"Sì, salve, carabinieri di Tor Sapienza. Senta, una cortesia, abbiamo un detenuto che sta male. Ha attacchi di epilessia". Il recluso a cui si fa riferimento in questa telefonata è Stefano Cucchi. E l'audio della conversazione tra l'agente di guardia e l'operatore del 118, diffuso da Repubblica, è stato registrato nella notte tra il 15 e il 16 ottobre 2009.

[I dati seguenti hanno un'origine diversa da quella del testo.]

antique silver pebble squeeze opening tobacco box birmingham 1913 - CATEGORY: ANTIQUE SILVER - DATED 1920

Il contenuto è parte dei documenti, cartacei e audio, depositati dal pubblico ministero Giovanni Musarò nel processo per la morte di Stefano Cucchi. La notte in cui era stato richiesto l'arrivo di un'ambulanza, il giovane romano era recluso in una camera di sicurezza della caserma dei carabinieri in via degli Armenti, al civico 90.

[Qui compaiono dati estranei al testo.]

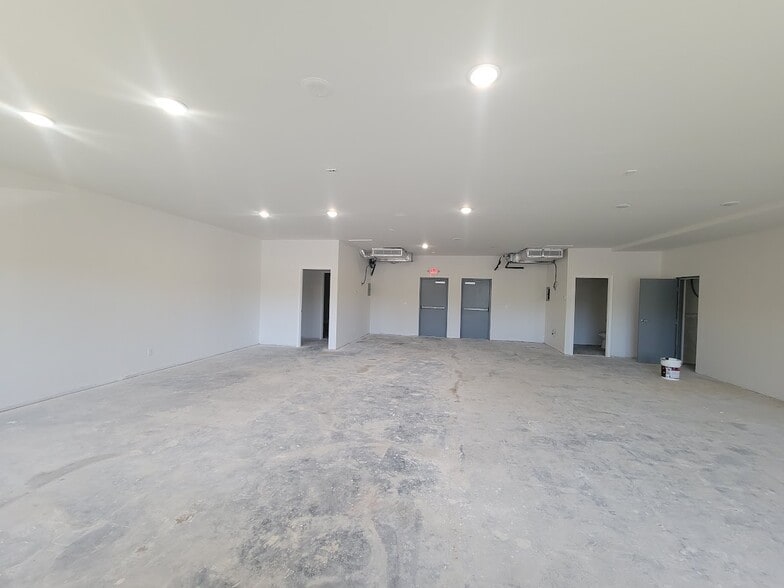 More Photos Of 16956 McGregor Blvd, Fort Myers Office For Sale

Secondo le ricostruzioni processuali, poche ore prima di quella chiamata, nel commissariato sulla Casilina, il giovane era stato picchiato dagli agenti Raffaele D'Alessandro e Alessio Di Bernardo, due dei militari che lo avevano arrestato per spaccio quella sera. E pare che, proprio nella cella di Tor Sapienza, Cucchi avesse cominciato a mostrare le prime conseguenze di quel pestaggio.
Alla domanda se soffrisse di epilessia, il piantone di guardia aveva risposto: "Sta male, però sintomi apparenti di epilessia non ne ha". E all'interrogativo se avesse sintomi di una crisi in atto, l'agente replicava: "Ha tremori e non riesce a muoversi".
L'ambulanza sarebbe arrivata di lì a poco, ma sarebbe anche ripartita vuota.Nei giorni scorsi era emersa un'altra intercettazione telefonica, in cui il carabiniere Vincenzo Nicolardi parlava del 31enne romano il giorno dopo l'arresto. Aveva detto: "Magari morisse, li mortacci sua".